*** RECORDS FOR PROCESSING ***

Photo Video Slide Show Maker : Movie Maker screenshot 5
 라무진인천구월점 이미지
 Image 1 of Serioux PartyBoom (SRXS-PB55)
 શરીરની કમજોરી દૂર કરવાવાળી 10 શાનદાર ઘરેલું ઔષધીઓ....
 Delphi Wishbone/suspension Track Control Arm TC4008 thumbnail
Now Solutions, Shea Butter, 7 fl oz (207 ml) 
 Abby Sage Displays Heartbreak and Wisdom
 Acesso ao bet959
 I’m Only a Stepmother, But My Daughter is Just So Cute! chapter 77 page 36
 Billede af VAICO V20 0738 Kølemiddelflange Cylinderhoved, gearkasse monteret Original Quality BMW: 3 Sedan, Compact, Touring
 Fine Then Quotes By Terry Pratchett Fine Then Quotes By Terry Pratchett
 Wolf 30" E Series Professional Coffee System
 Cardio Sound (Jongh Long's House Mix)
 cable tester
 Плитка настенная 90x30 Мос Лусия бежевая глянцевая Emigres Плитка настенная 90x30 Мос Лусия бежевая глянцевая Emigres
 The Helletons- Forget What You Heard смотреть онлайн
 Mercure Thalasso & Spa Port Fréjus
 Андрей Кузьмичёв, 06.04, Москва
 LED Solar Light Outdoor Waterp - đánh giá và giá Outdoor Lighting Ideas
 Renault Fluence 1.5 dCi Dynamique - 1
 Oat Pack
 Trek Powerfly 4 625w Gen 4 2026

*** End of RECORDS FOR PROCESSING ***

■ EXERCISE AIM:
Without leaving anything out, repeat the data exactly.

■ REPLY:
Photo Video Slide Show Maker : Movie Maker screenshot 5
 라무진인천구월점 이미지
 Image 1 of Serioux PartyBoom (SRXS-PB55)
 શરીરની કમજોરી દૂર કરવાવાળી 10 શાનદાર ઘરેલું ઔષધીઓ....
 Delphi Wishbone/suspension Track Control Arm TC4008 thumbnail
Now Solutions, Shea Butter, 7 fl oz (207 ml) 
 Abby Sage Displays Heartbreak and Wisdom
 Acesso ao bet959
 I’m Only a Stepmother, But My Daughter is Just So Cute! chapter 77 page 36
 Billede af VAICO V20 0738 Kølemiddelflange Cylinderhoved, gearkasse monteret Original Quality BMW: 3 Sedan, Compact, Touring
 Fine Then Quotes By Terry Pratchett Fine Then Quotes By Terry Pratchett
 Wolf 30" E Series Professional Coffee System
 Cardio Sound (Jongh Long's House Mix)
 cable tester
 Плитка настенная 90x30 Мос Лусия бежевая глянцевая Emigres Плитка настенная 90x30 Мос Лусия бежевая глянцевая Emigres
 The Helletons- Forget What You Heard смотреть онлайн
 Mercure Thalasso & Spa Port Fréjus
 Андрей Кузьмичёв, 06.04, Москва
 LED Solar Light Outdoor Waterp - đánh giá và giá Outdoor Lighting Ideas
 Renault Fluence 1.5 dCi Dynamique - 1
 Oat Pack
 Trek Powerfly 4 625w Gen 4 2026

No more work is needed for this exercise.